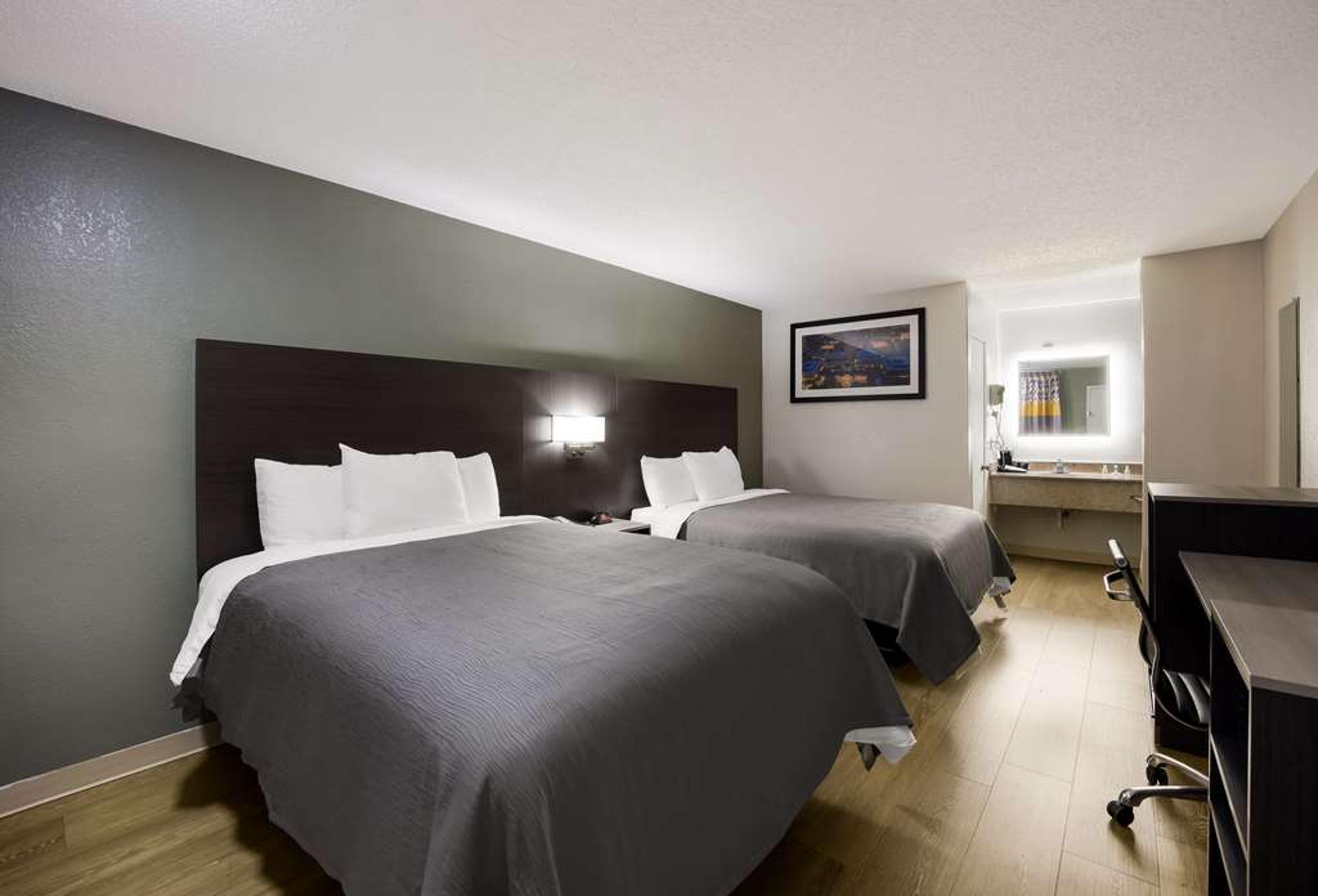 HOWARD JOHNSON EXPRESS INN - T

——————

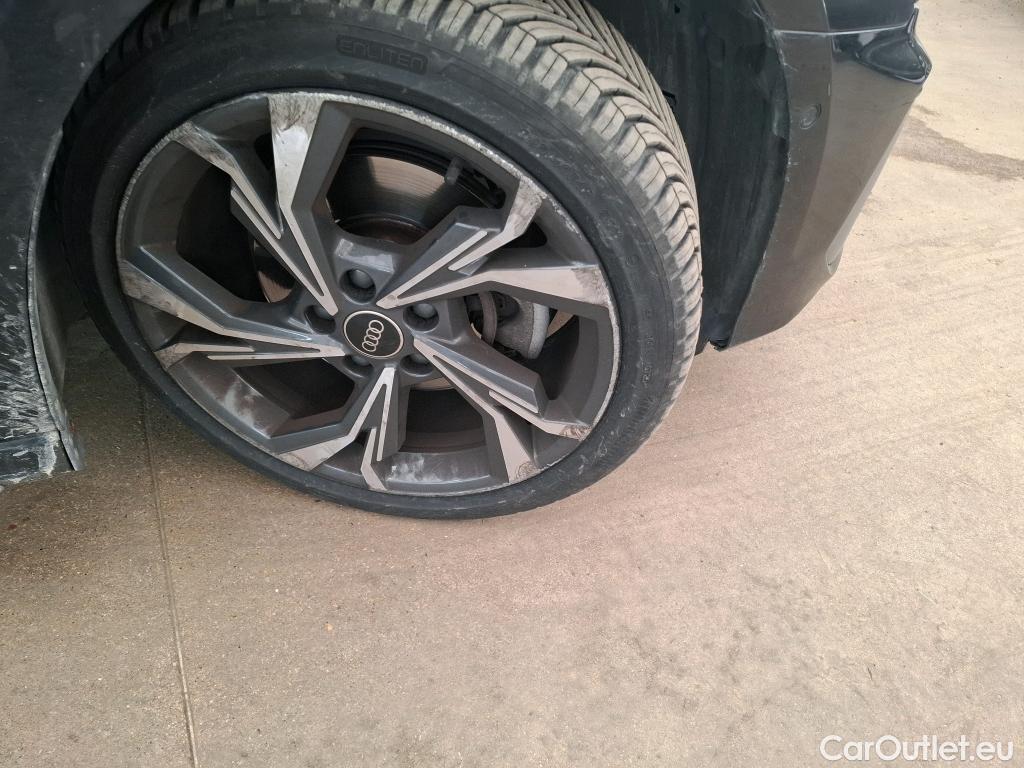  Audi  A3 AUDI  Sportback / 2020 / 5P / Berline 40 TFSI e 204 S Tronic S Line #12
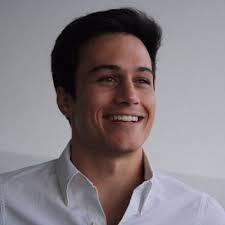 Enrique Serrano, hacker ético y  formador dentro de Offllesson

——————

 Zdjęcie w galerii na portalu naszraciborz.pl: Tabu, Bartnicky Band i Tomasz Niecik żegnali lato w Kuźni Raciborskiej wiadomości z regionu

——————

● TRY IT: Nothing outside the stretch above, from the line with "Tronic S Line #12" through the line with "Enrique Serrano, hacker", is set down. Transcribe that stretch exactly, ends included, but not its pictures.

● RESPONSE BOX:
  Audi  A3 AUDI  Sportback / 2020 / 5P / Berline 40 TFSI e 204 S Tronic S Line #12
 Enrique Serrano, hacker ético y  formador dentro de Offllesson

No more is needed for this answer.